Anthony Bonus

Personal information
- Full name: Anthony Bonus
- Born: Bundaberg, Queensland, Australia

Playing information
- Position: Prop
Club
| Years | Team | Pld | T | G | FG | P |
| 1994–95 | Illawarra Steelers | 4 | 0 | 0 | 0 | 0 |
| 1996 | Parramatta Eels | 7 | 0 | 0 | 0 | 0 |
| 1998 | Melbourne Storm | 1 | 0 | 0 | 0 | 0 |
|  | Total | 12 | 0 | 0 | 0 | 0 |
- Source: As of 18 January 2019

= Anthony Bonus =

Australian rugby league footballer

Anthony Bonus is a former rugby league footballer who played in the 1990s. Bonus played for the Illawarra Steelers from 1994–95, then the Parramatta Eels in 1996 and finally the Melbourne Storm in 1998.

==Playing career==
Originally from Bundaberg, Bonus made his first grade debut for Illawarra in 1994 against Canterbury-Bankstown. In 1996, Bonus joined Parramatta and made seven appearances for the club before being released at the end of the season. He would rejoin Illawarra without adding to his first grade appearances in 1997, playing in the club's second grade team.

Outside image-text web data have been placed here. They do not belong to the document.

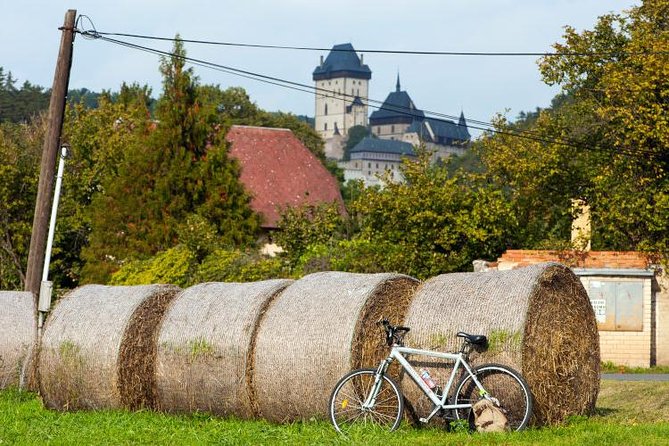 Full-Day Countryside Bike Tour to Karlstejn Castle - Requirements and Additional Info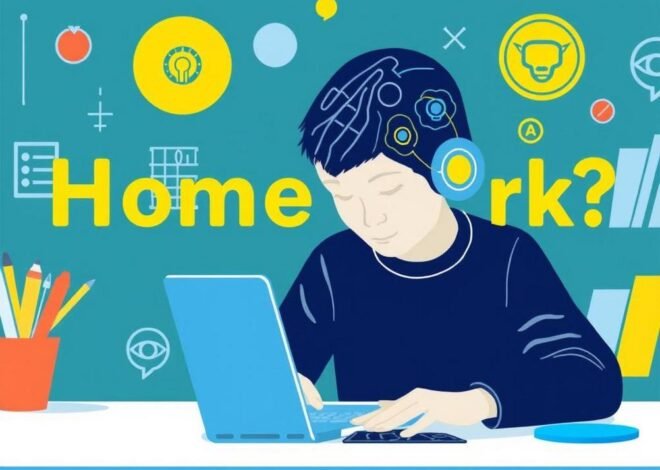 Is Your Child Using AI for Homework? Here’s What Parents Need to Know in 2025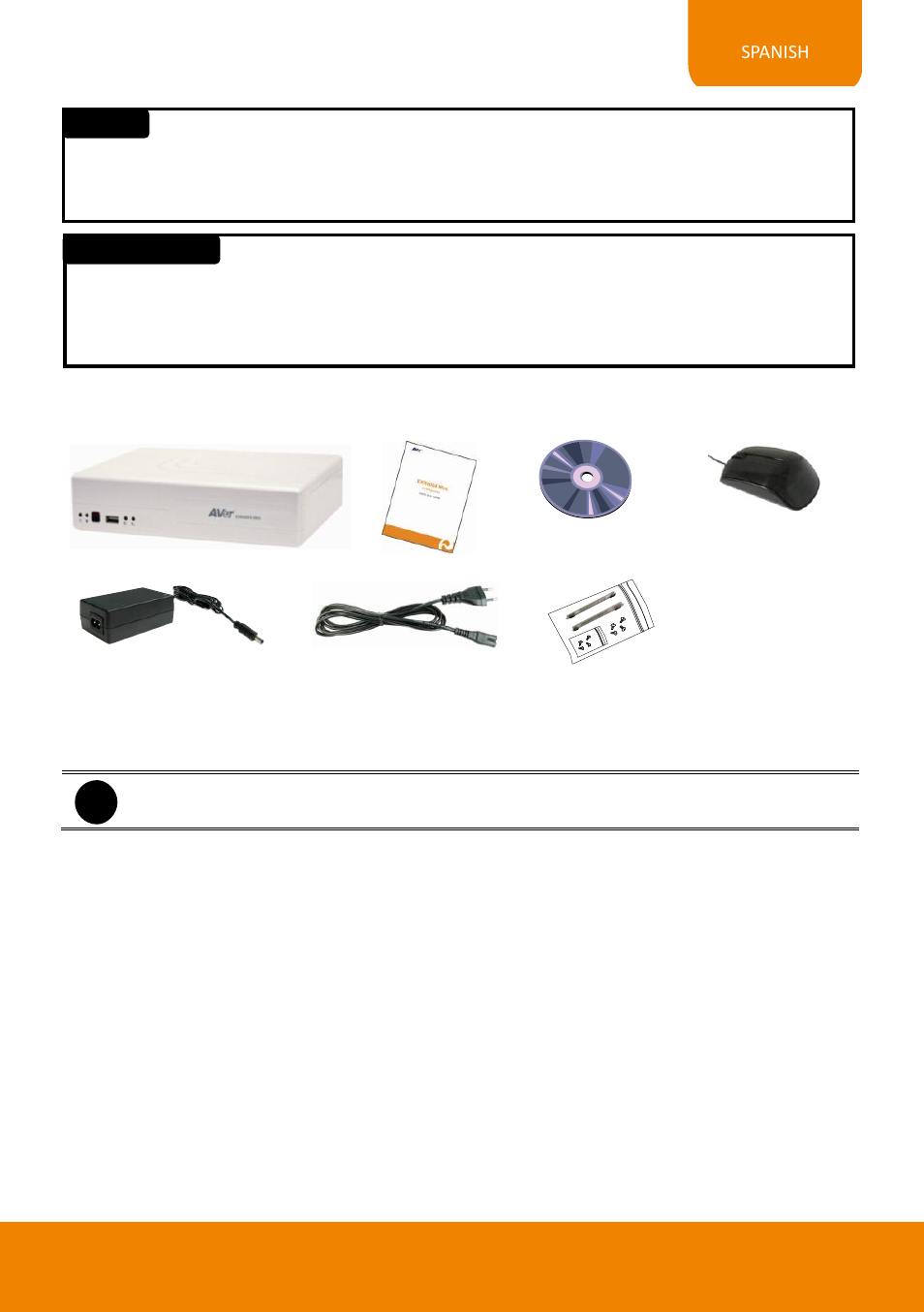 AVer EXR6004-Mini quick guide User Manual | Page 81 / 93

In June 1998, Bonus played for Melbourne in the club's inaugural season making one appearance against Balmain. Bonus, who was living in Brisbane, was called into the Storm squad to replace Glenn Lazarus. While with Melbourne, Bonus played for the Norths Devils in the 1998 Queensland Cup, scoring a first half try in the Devils 35–16 win in the Grand Final. He would win the club's best forward award for his efforts across the season.